### Scraped caption text data
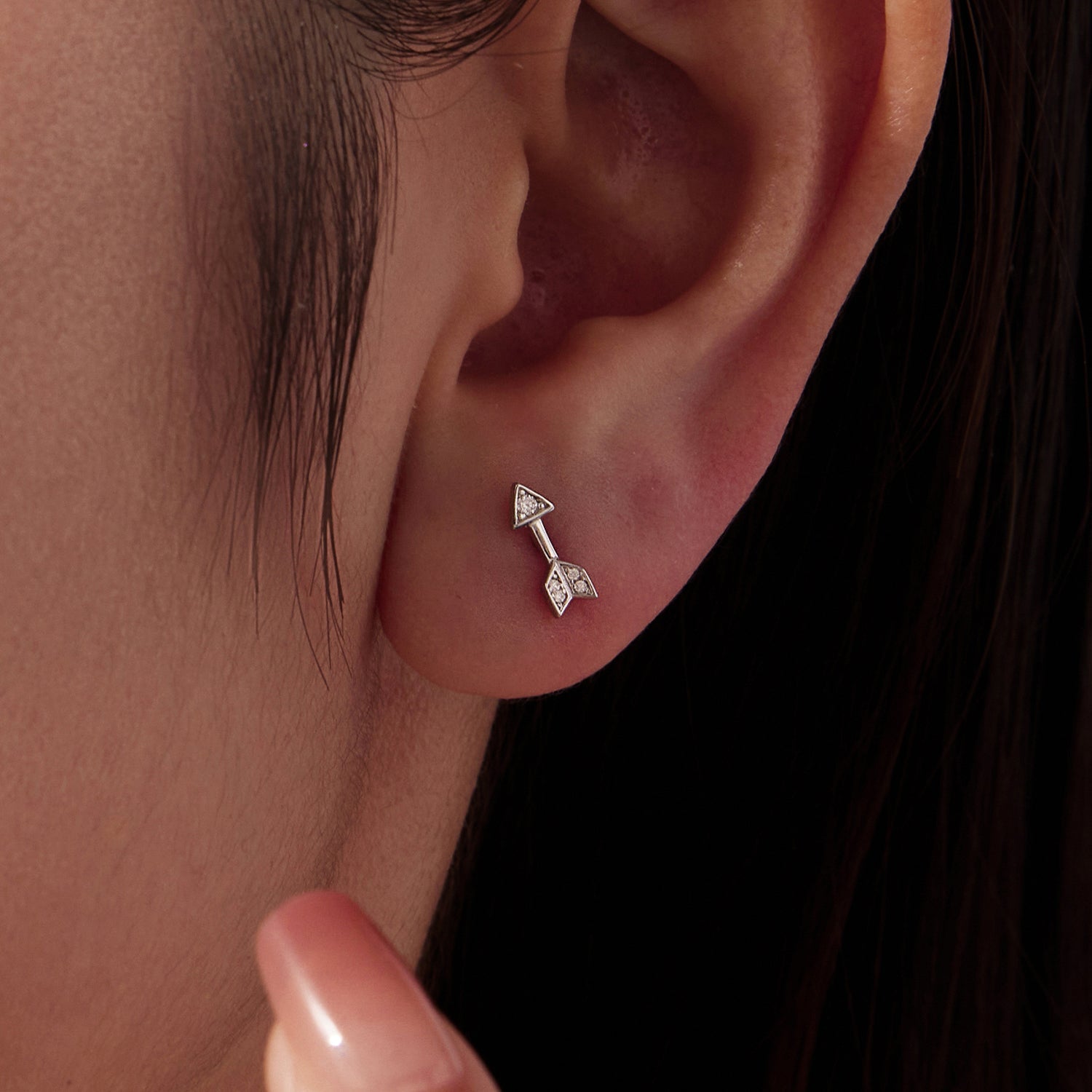 925 Sterling Silver 0.08ct and 0.12ct Moissanite Earrings in White Gold for Women DestGlow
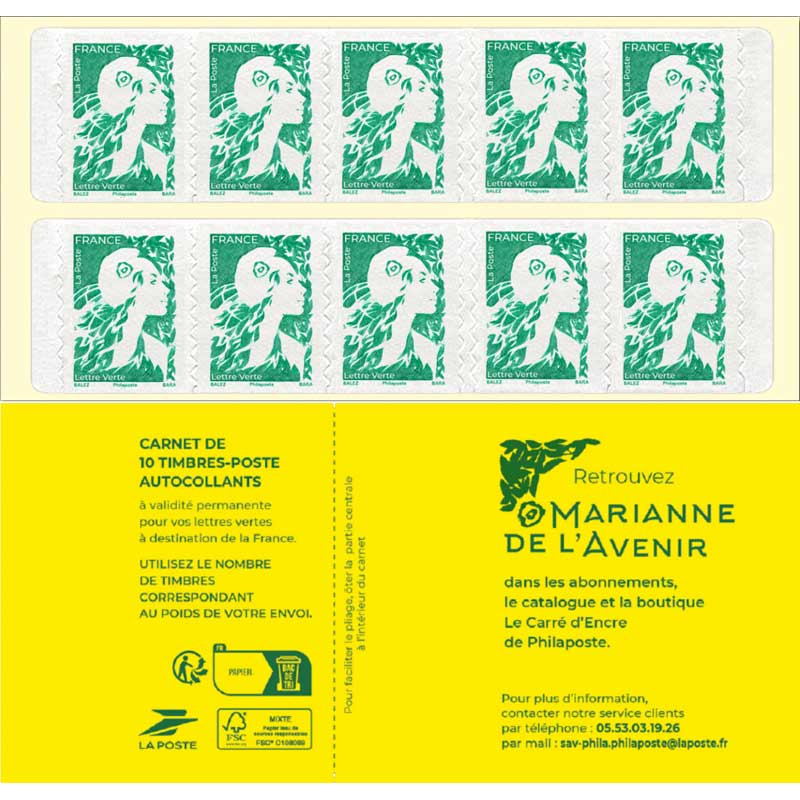 Timbre : 2023 Carnet Marianne de l'Avenir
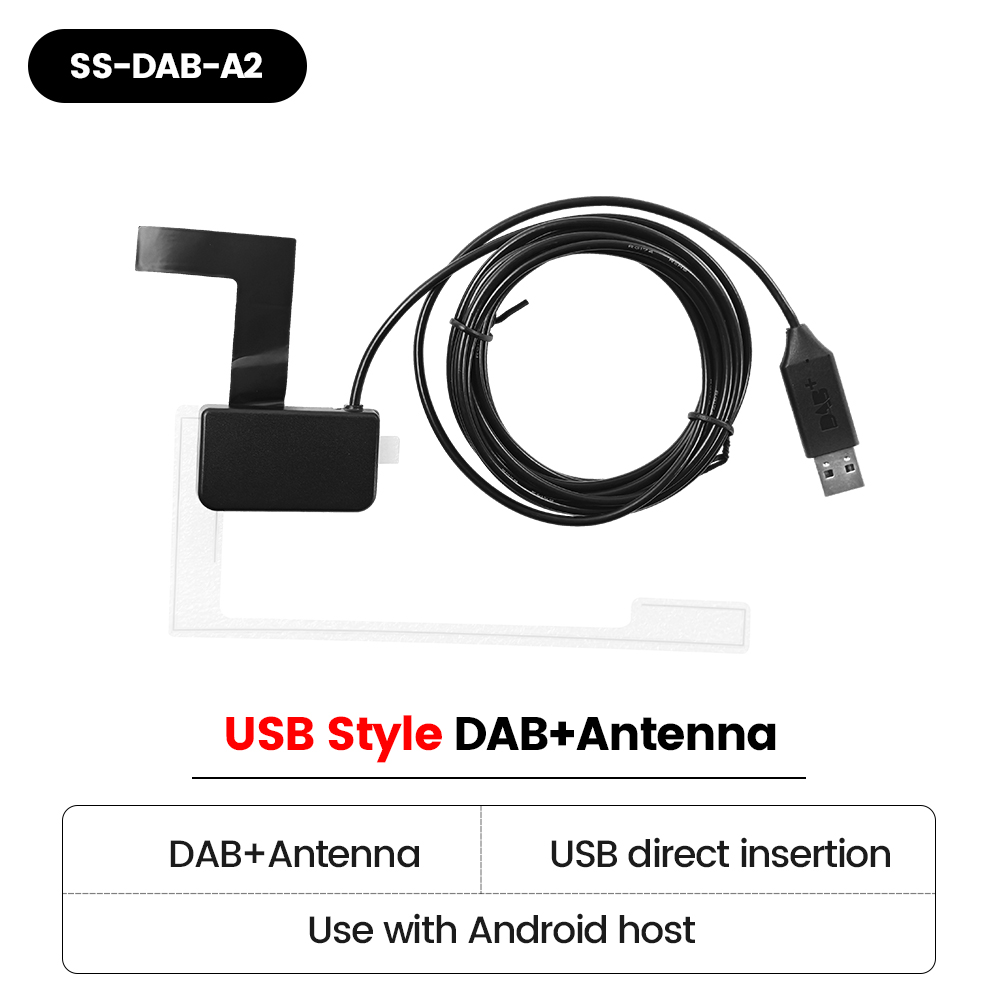 DAB + antenne met USB-adapter voor Europese Android autoradio GPS stereo-ontvanger speler voor universele DAB+ auto-accessoires: Army Green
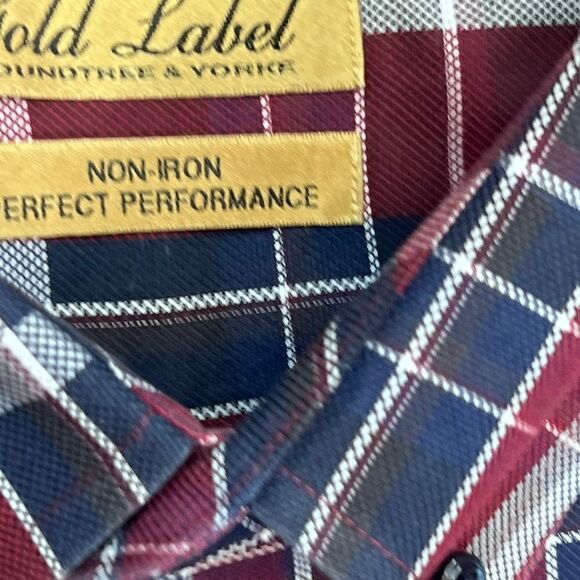 Gold Label Shirt Button Down Men's XXL Long Sleeve Cotton  Plaid Red - Picture 10 of 10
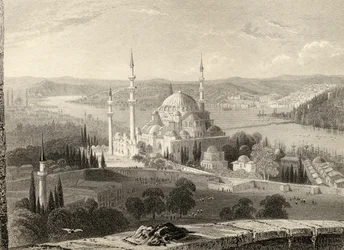 Moskee en graf van Sulieman, vanaf de Seraskier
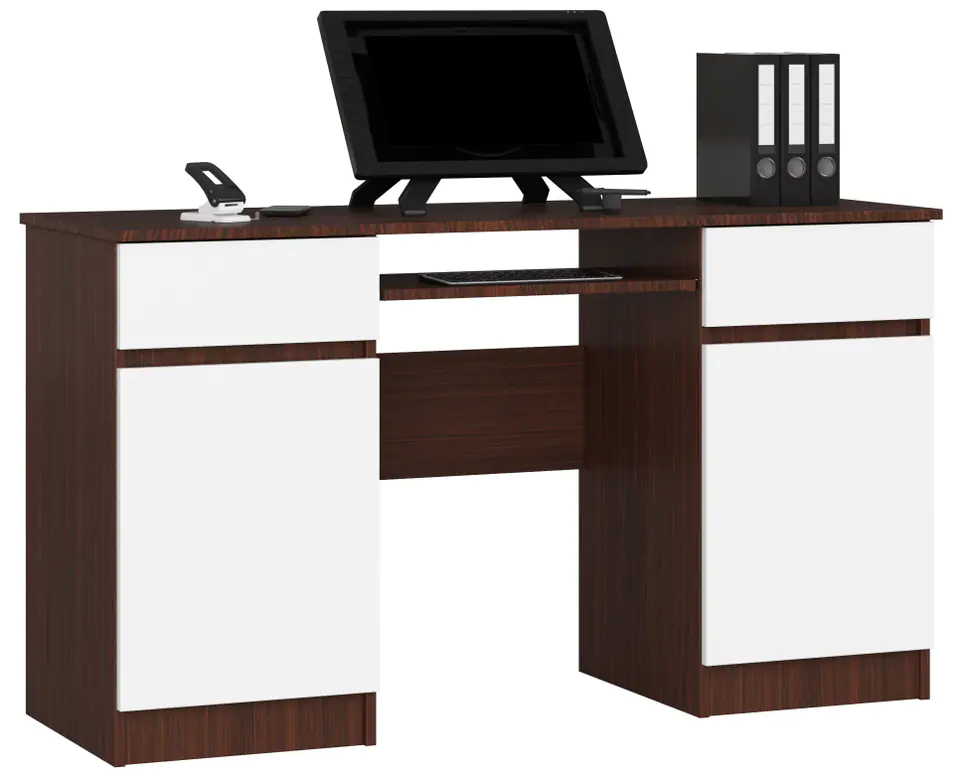 ⁨COMPUTER DESK A5 135 cm WENGE / WHITE⁩ at Wasserman.eu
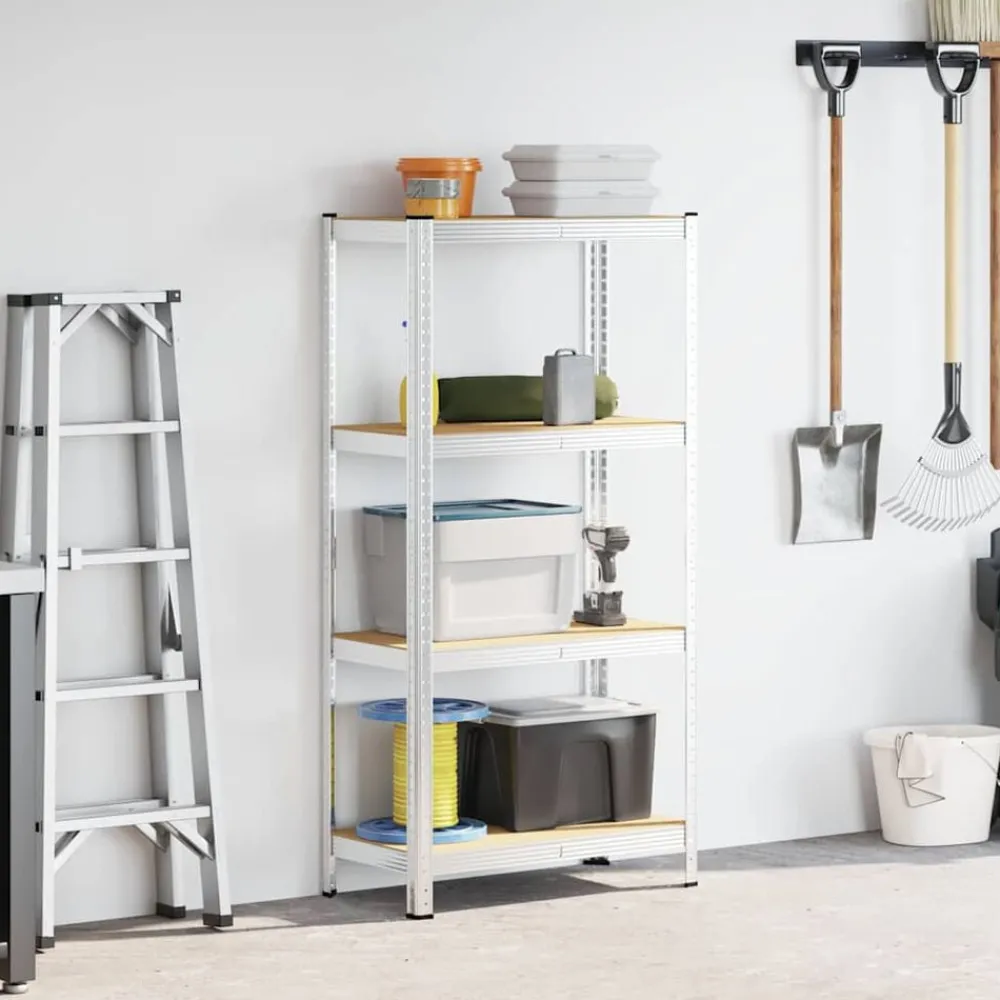 vidaXL Étagère de rangement 4 niveaux Acier et bois ingénierie
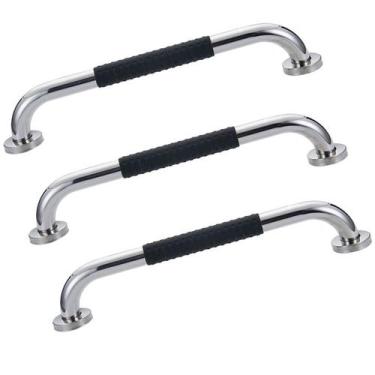 Imagem de Barra de Apoio Inox 30cm Kit 3 unidades Suporte Antiderrapante Casa Ba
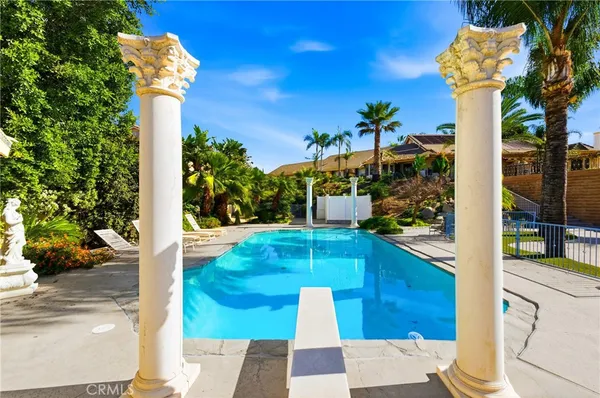 a view of a swimming pool with a yard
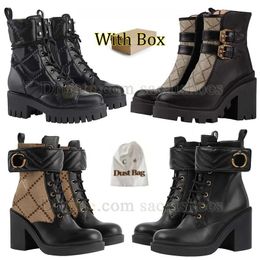 2023 Neues Muster Martin Stiefel Wüstenstiefel High Heel Damen Reißverschluss Kampfstiefel Schnürstiefel Lederstiefel Plattformabsatz Wüstenstiefel Gummistiefel Schneestiefel mit Box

### Brief
Copy out exactly the lines between the line containing "WHITE⁩ at Wasserman.eu" and the end of the entries, including both, and leave the pictures behind.

### Task response
 ⁨COMPUTER DESK A5 135 cm WENGE / WHITE⁩ at Wasserman.eu
 vidaXL Étagère de rangement 4 niveaux Acier et bois ingénierie
 Imagem de Barra de Apoio Inox 30cm Kit 3 unidades Suporte Antiderrapante Casa Ba
 a view of a swimming pool with a yard
 2023 Neues Muster Martin Stiefel Wüstenstiefel High Heel Damen Reißverschluss Kampfstiefel Schnürstiefel Lederstiefel Plattformabsatz Wüstenstiefel Gummistiefel Schneestiefel mit Box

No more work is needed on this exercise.